By the time our great-grandchildren have children of their own, we humans will likely have broken a climate record that has stood unchallenged for 56 million years.
New research has found that humans are pumping nearly 10 times more carbon dioxide into the atmosphere than what was emitted during Earth's last major warming event, called the Palaeocene-Eocene Thermal Maximum (PETM).
If carbon emissions continue to rise in the future, mathematical models predict that within the next few hundred years, we could be facing another PETM-like event.
In other words, in the near future, Earth could resemble its distant past: a time when the Arctic was free of ice, inhabited by crocodiles and dotted by palm trees.

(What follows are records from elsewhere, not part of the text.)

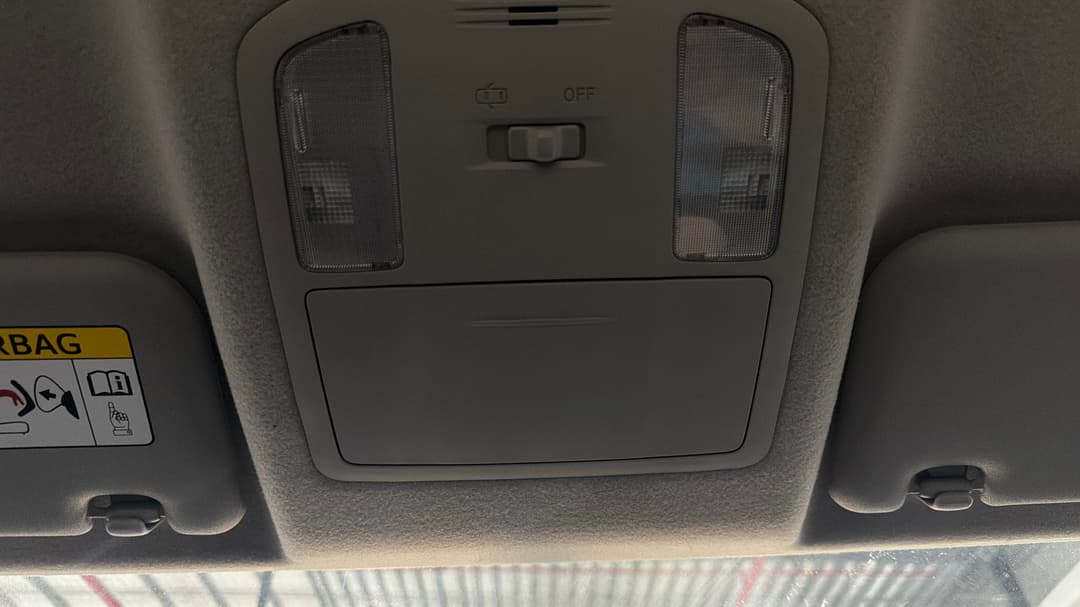 2018 Toyota Hilux Workmate, Automatic, 40536 km, On-Roof Controls/Sunglass holder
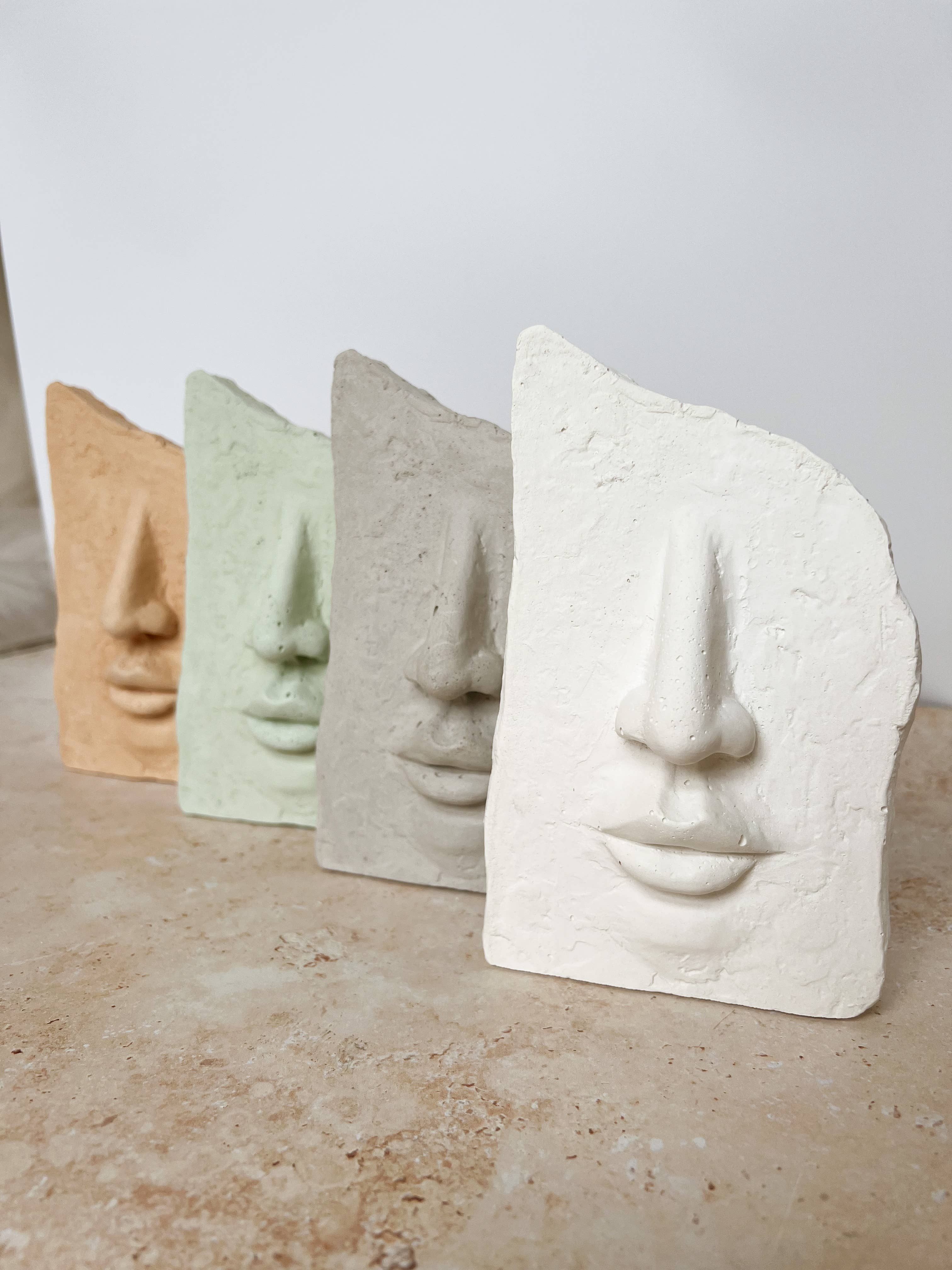 Smells Like Home Store – wholesale Decorative tabletop object – Concrete face ornament4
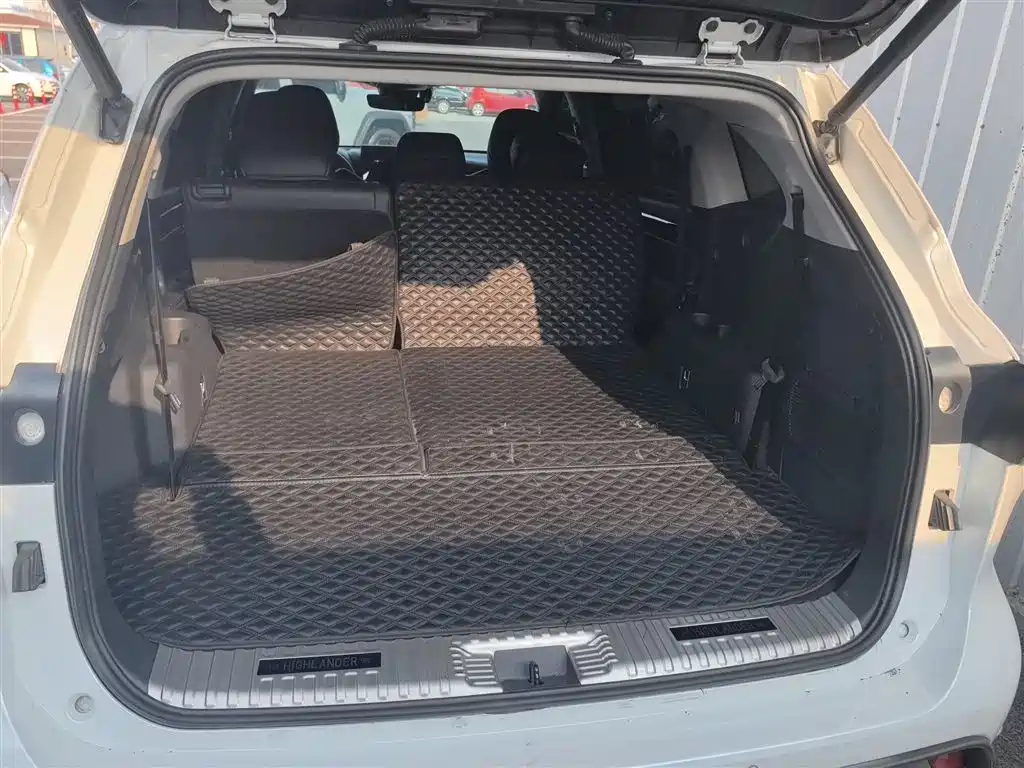 Toyota Highlander 2022 Model Dual Engine 2.5L 4WD Premium Edition 7-Seater фото 16
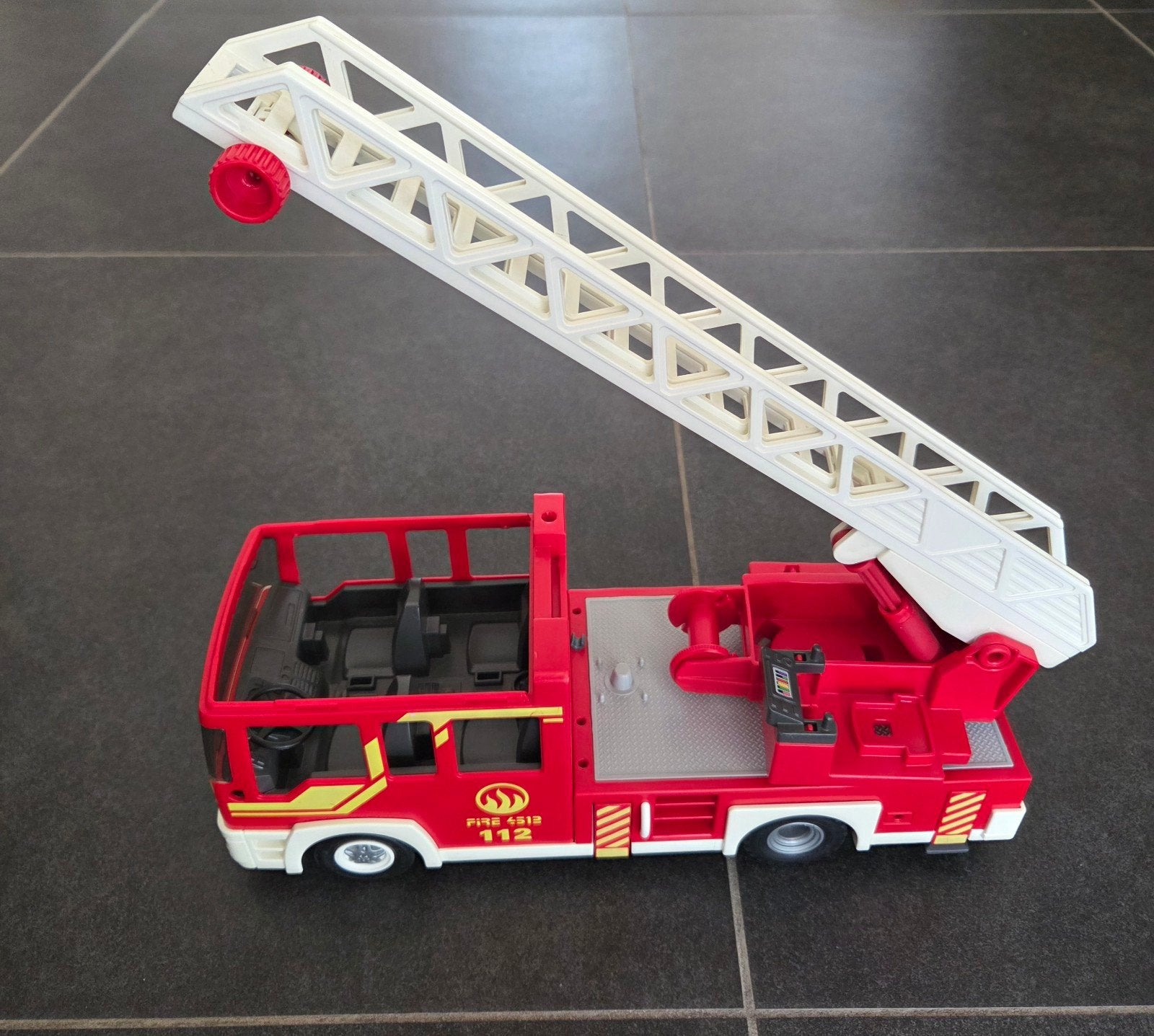 Grote brandweerwagen met uitschuifbare ladder, Ophalen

"You and I won't be here in 2159, but that's only about four generations away," warns palaeoclimate researcher Philip Gingerich from the University of Michigan.
"When you start to think about your children and your grandchildren, and your great-grandchildren, you're about there."
The PETM is often used as a benchmark for current global warming. During this time, rapid climate changes saw landscapes transformed, oceans acidified, and widespread extinctions triggered.
It took more than 150,000 years for the world to recover, but what happened then has nothing on what is happening now.
Global temperatures during the PETM peaked at about 7 degrees Celsius (13 degrees Fahrenheit) higher than today's average, and we are quickly catching up to those heights.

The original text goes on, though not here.